### WHAT YOU HAVE TO DO
Write out each line of the material exactly as given, and drop the images.

### DATA PROVIDED

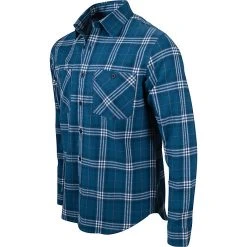 Mountain Khakis Men's Owen Flannel Shirt -The Vibe Layers Sales 10498985x1225443 vSide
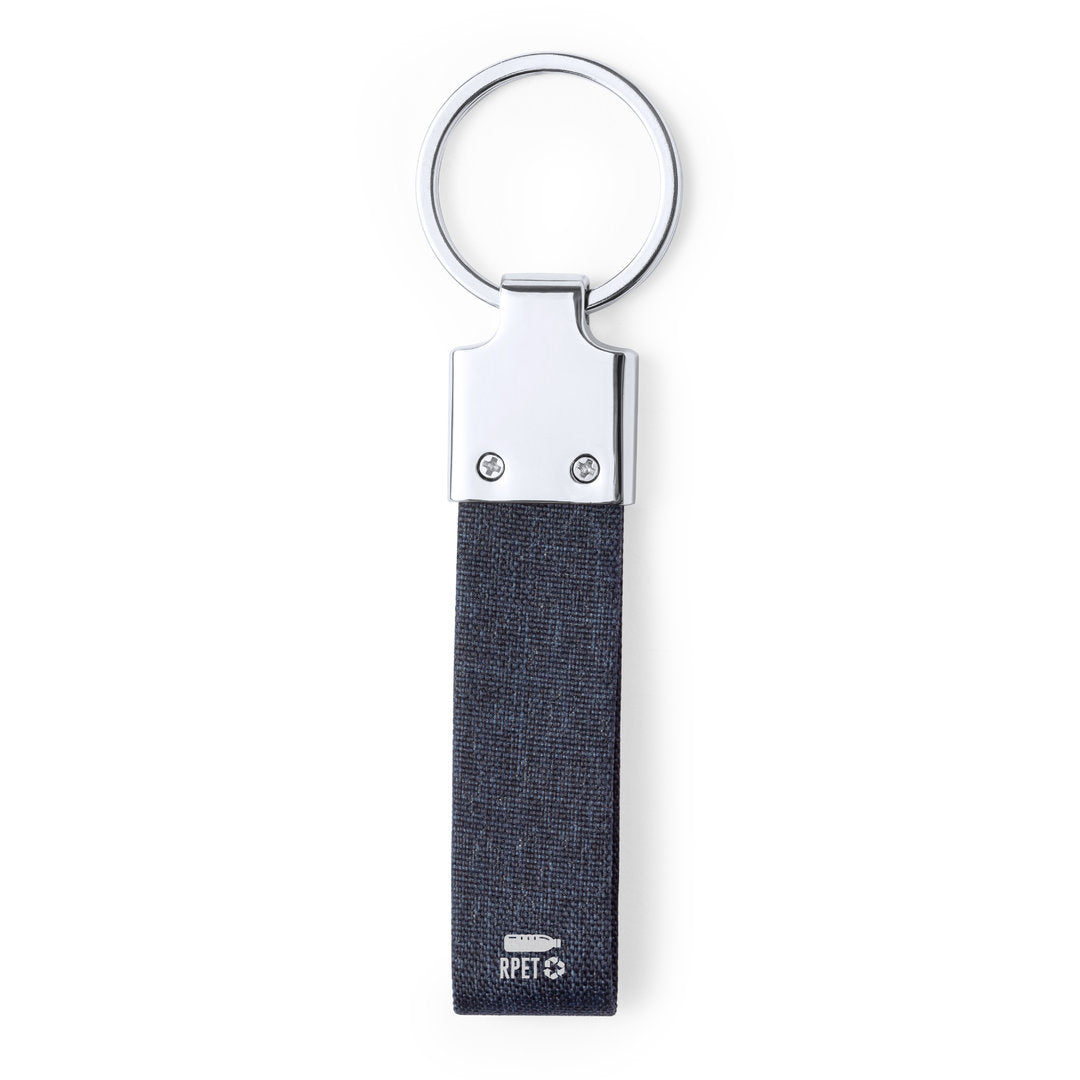 Sleutelhanger Branis zwart 1 kleur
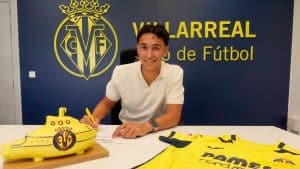 Valen Gómez firma hasta 2028 con el filial del Villarreal CF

### ANSWER SECTION
 Mountain Khakis Men's Owen Flannel Shirt -The Vibe Layers Sales 10498985x1225443 vSide
 Sleutelhanger Branis zwart 1 kleur
 Valen Gómez firma hasta 2028 con el filial del Villarreal CF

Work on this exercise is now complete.